▸ **YOUR INSTRUCTIONS**: For this exercise, please transcribe exactly and only the lines from the one containing "Blue and white" through the end of the material, both ends included, without pictures.

▸ **SUPPLIED MATERIAL**:
________________________
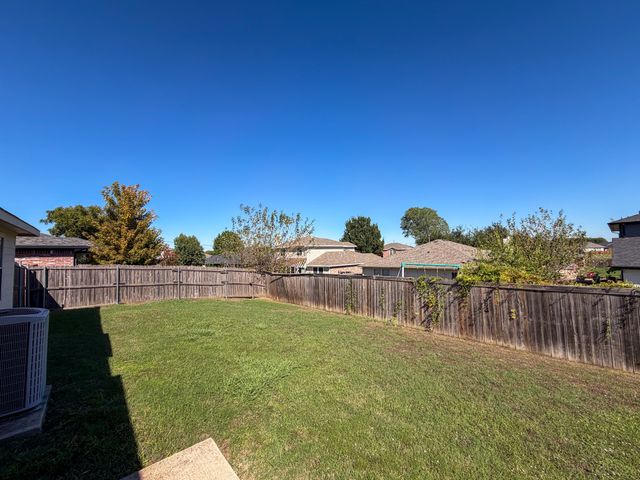 2111 Southridge Lane, Sherman, TX 75092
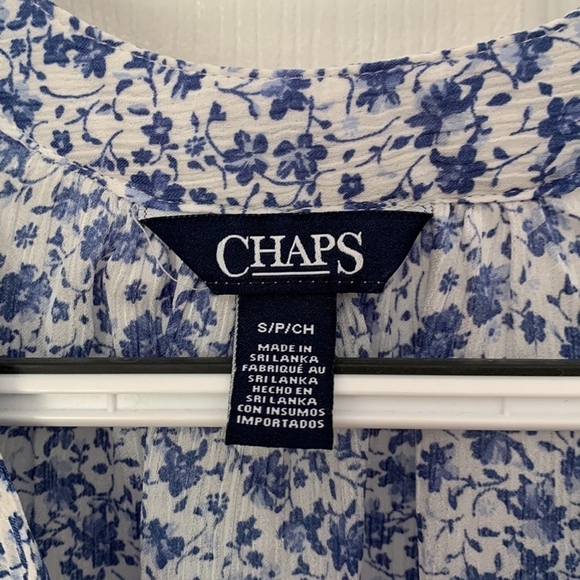 Blue and white floral Chaps blouse small - Picture 4 of 7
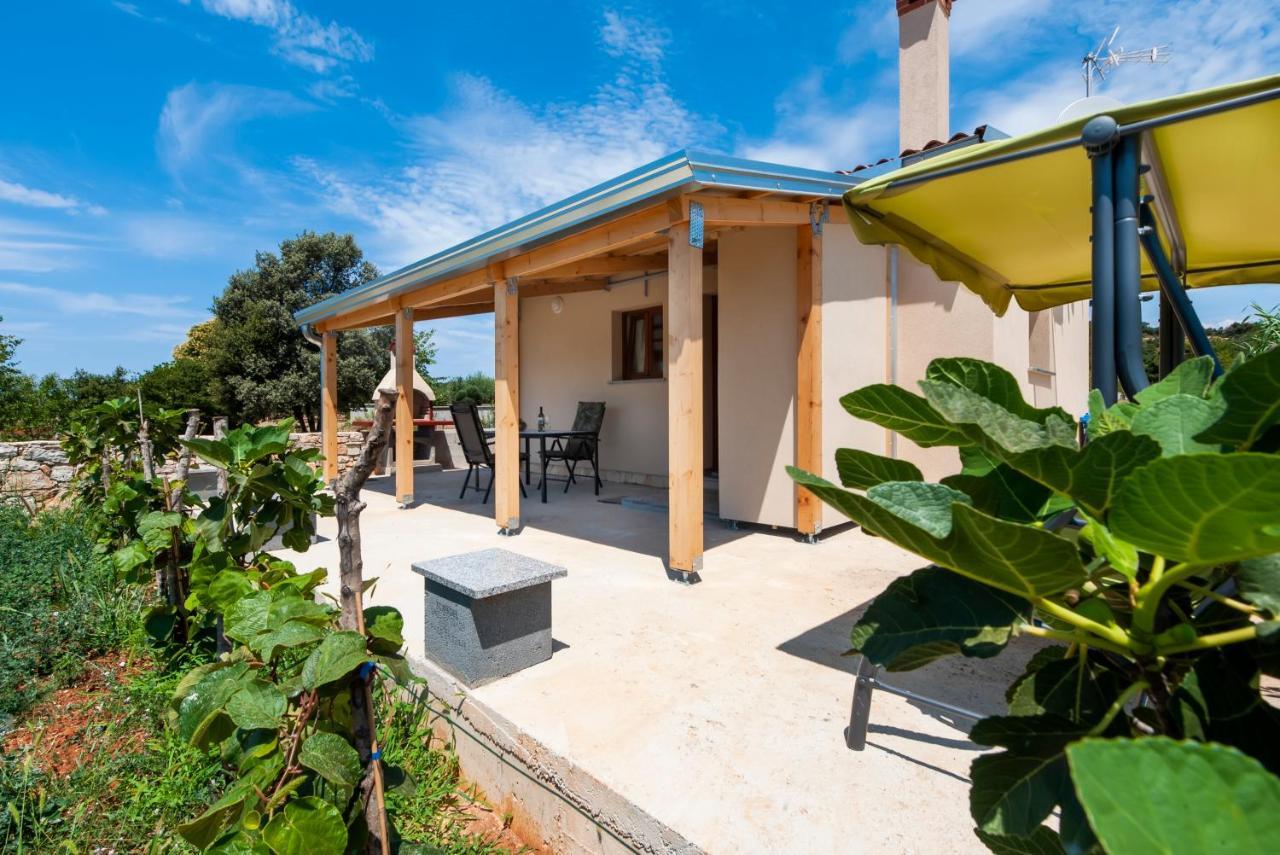 Casetta In Campagna Rovinj Eksteriør bilde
________________________
▸ **SOLUTION TO THIS EXERCISE**:
 Blue and white floral Chaps blouse small - Picture 4 of 7
 Casetta In Campagna Rovinj Eksteriør bilde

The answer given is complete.